Aos 33 minutos do segundo tempo, o tricolor teve um pênalti a seu favor. Sem saber que já havia acertado os outros 12 jogos, Fito bateu forte e virou a partida. Com aquele gol ele garantiu a vitória e o prêmio da loteria. 

Durante a passagem pelo Bahia, Fito também conciliou o futebol com os estudos. Ele fez vestibular para Educação Física e chegou a frequentar o curso na Universidade Católica de Salvador. Aluno aplicado, sempre chegava cedo, mesmo tendo atuado pelo Bahia na noite anterior. 

Queda e volta por cima  Os primeiros anos no Bahia foram de glória para Fito. Em quatro anos no clube, o meia caiu nas graças da torcida e faturou os quatro títulos do estadual. As coisas mudaram um pouco em 1977. Em uma dividida com Chiquinho, do Itabuna, sofreu uma grave lesão. Machucado, ele perdeu a titularidade no Bahia.

O meia só voltou a jogar em 1978, mas muito distante daquilo que já tinha apresentado com a camisa do clube. Conhecedor da sua capacidade, ele se cobrava bastante. Mesmo em baixa, ainda conseguia ser decisivo quando entrava em campo e ajudou o Bahia a levantar mais uma taça. Em 1979, Fito ainda não estava no melhor da sua forma, mas foi por esse poder de decisão que ele ganhou uma chance entre os relacionados para a grande final do Campeonato Baiano.

Se na infância o tio, Carlos Paredão, foi fundamental para Fito aprimorar o chute, no Bahia a importância é atribuída Zezé Moreira. Sabendo da capacidade do meia, ainda em 1975 Zezé pedia para que Fito treinasse os chutes de longa distância de forma exaustiva. Mais uma vez, as orientações pareciam um preceito do que estaria por vir. 

No dia 28 de setembro 1979, Bahia e Vitória entraram em campo diante de 40.951 torcedores na Fonte Nova. De um lado, um tricolor que fazia história e somava seis conquistas consecutivas. Do outro, um rubro-negro disposto a quebrar a sequência do rival e que precisava apenas do empate para isso. 

O duelo teve um primeiro tempo pegado, com boas chances do Bahia, que parou no goleiro rubro-negro Gelson. Aos 18 minutos do segundo tempo, aconteceu a alteração que mudaria a história do jogo. Depois de uma entrada dura de Xaxa, Gilson Gênio se machucou. Zezé Moreira decidiu fortalecer o meio-campo e colocou Fito na partida. O resultado veio minutos depois. 
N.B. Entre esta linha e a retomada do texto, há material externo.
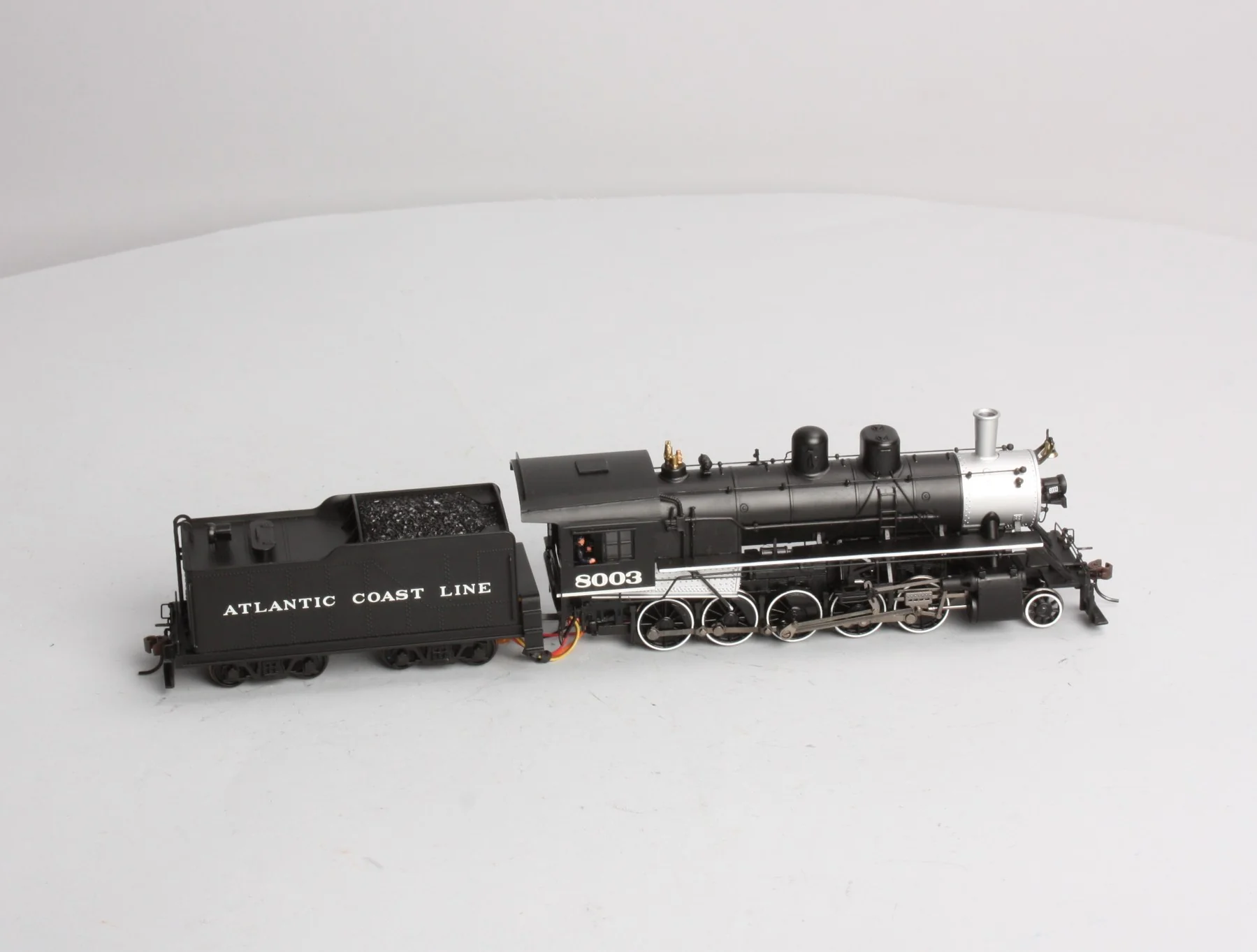 Bachmann 81703 HO Atlantic Coast Line 2-10-0 Russian Decapod #8003 LN/Box - Image 6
Aos 25 minutos, a jogada começou na defesa tricolor e, de pé em pé, chegou até Fito, na intermediária. Com espaço dado pela marcação rubro-negra, o camisa 15 teve liberdade para escolher as opções. Poderia ter passado para o centroavante Caio, posicionado na área, tocado para Douglas na esquerda, ou lançado para Botelho na ponta. Arriscou naquilo que era melhor: o chute.

As luvas do goleiro Gelson receberam a bomba de Fito como se estivessem lambuzadas de manteiga. A bola morreu no fundo das redes do gol do Dique e a massa azul, vermelha e branca explodiu em emoção nas arquibancadas. O Bahia conquistava o heptacampeonato baiano com o triunfo por 1x0.  Como de costume, torcida invadiu o campo para comemorar o título na velha Fonte (Foto: Gildo Lima/Arquivo CORREIO) Avesso a entrevistas, Fito não atendeu ou retornou às ligações. “Ele é assim mesmo, não gosta muito de atender telefone não”, conta o amigo Douglas. Mas ao CORREIO, na noite da conquista do hepta, ele descreveu o seu gol.   “Uma coisa é certa: clássico se decide com bola parada ou com chutes longos. Quando peguei a bola, ainda na intermediária, vi que poderia chutar, pensei que a bola não levaria muita força. Me enganei e ela entrou”, contou Fito.Naquele dia, o herói tricolor entrou em campo mesmo sem contrato. Fito esperava o contato da diretoria do Bahia por uma renovação, mas estava satisfeito com o que havia conseguido. A festa tricolor terminou com uma carreata até a Igreja do Bonfim que arrastou uma multidão pelas ruas da capital baiana.